Why we stopped using Vault & GoCD

I’m a huge fan of Hashicorp Vault — it’s really well designed, and some of the capabilities around dynamic credentials are excellent, and provide a real step forward in credential management. GoCD was the tool of choice for years, and provided plenty of advanced functionality, like Value Stream Mapping, inter-pipeline dependencies, and elastic agents. But towards the end of my tenure at Livescore, we decided to stop using them both. Here’s how and why that came about.

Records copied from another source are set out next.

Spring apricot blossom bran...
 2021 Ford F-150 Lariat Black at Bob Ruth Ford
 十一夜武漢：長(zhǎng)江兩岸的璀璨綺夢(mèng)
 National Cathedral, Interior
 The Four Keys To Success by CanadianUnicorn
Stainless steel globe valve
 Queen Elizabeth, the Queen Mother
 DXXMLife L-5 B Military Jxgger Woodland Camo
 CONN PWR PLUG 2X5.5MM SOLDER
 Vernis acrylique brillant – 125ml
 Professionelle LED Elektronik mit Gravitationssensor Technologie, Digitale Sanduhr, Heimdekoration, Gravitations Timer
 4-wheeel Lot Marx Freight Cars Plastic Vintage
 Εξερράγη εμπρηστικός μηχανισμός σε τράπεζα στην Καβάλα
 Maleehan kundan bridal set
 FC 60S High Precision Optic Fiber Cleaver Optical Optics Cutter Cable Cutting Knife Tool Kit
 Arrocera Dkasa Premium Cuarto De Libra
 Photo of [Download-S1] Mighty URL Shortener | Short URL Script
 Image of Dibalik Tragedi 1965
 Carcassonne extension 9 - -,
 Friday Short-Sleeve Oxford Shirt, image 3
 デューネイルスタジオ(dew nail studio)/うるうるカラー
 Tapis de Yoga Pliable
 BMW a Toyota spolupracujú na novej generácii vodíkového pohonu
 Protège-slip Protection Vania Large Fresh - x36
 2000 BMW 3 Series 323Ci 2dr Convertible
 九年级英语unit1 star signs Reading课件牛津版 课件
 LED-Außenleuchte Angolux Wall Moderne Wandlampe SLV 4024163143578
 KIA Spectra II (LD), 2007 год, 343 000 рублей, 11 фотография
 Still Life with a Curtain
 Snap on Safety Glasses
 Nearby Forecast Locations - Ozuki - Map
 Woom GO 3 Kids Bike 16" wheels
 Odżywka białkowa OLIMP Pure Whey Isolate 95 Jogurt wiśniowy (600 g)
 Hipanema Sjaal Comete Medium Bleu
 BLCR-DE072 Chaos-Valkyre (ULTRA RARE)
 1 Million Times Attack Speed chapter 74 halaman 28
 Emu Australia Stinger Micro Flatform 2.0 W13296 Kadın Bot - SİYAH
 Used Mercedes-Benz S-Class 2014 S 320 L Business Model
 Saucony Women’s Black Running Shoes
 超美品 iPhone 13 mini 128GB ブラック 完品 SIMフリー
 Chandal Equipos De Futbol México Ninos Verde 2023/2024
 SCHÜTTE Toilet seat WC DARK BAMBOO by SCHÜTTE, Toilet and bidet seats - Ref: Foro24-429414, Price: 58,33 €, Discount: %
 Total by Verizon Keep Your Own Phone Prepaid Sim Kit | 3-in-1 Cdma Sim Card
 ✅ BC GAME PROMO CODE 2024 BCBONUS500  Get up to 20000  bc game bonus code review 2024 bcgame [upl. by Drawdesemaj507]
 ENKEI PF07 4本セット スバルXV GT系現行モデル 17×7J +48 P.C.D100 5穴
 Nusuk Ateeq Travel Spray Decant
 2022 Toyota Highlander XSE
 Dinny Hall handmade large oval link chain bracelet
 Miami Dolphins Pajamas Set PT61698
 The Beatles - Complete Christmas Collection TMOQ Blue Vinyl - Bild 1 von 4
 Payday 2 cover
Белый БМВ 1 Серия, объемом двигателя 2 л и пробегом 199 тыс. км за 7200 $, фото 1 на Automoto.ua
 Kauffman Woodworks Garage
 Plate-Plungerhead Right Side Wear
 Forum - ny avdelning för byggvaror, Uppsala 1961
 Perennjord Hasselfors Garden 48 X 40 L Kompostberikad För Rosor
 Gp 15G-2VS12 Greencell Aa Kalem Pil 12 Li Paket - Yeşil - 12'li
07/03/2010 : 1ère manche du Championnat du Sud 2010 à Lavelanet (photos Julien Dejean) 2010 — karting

Shortly after joining livescore’s newly formed data department, we needed some new infrastructure. We needed at least:

  • CI/CD tools — we used GoCD, as the few engineers we had were familiar with it, and everyone was comfortable
  • Airflow for automating our new ETL processes
  • Elasticsearch and Kibana to collect logs from our production applications and feedback to ops teams
  • A few pieces of custom software we had developed for complex data reconciliation
  • A few processes deployed via Cloud Run into our cluster
  • Somewhere secure to store our passwords and API tokens for various services

Having good hands-on experience with kubernetes and GCP, and being in the fortunate position of being almost entirely cloud native, I was thrilled to get to deploy all of this, on a fancy autoscaling GKE cluster, which I felt comfortable depending on, after performing load testing.

I set up authentication with Okta and kubernetes, and installed the Vault secret auto-injector into the various clusters we were running, to make it easier for developers to get secrets injected into their pods. I even created CI/CD pipeline to manage vault policies, roles, and permissions from a git repo.

We were set up for the latest and greatest in secret management, and had advanced capabilities for CI/CD. So why did we abandon them?

Github Actions

At first, I wasn’t massively sold on the idea of GitHub actions, they looked fine, but we were reasonably happy with GoCD, in that we knew how to use it to do what we wanted, and had tons of pipelines in there already — moving would require a fair bit of effort. But the developer experience again with these was excellent — I created my first pipeline entirely in the UI, even authenticating with GCP, and it worked first time. I was shocked at how easy it was, and decided that should be our go to option from then on. After agreeing, I personally migrated all pipelines from GoCD to github actions, and we decommission GoCD. What I liked so much about this CI/CD tool was that it was built into our version control system — there was no complexity in joining the tools together.

With this change over, we were no longer using Vault for pipeline secrets — github actions had a primitive capability for storing and using secrets. It wasn’t amazing, but our pipelines weren’t amazingly complex with large Value Stream Maps, so it just about managed for us.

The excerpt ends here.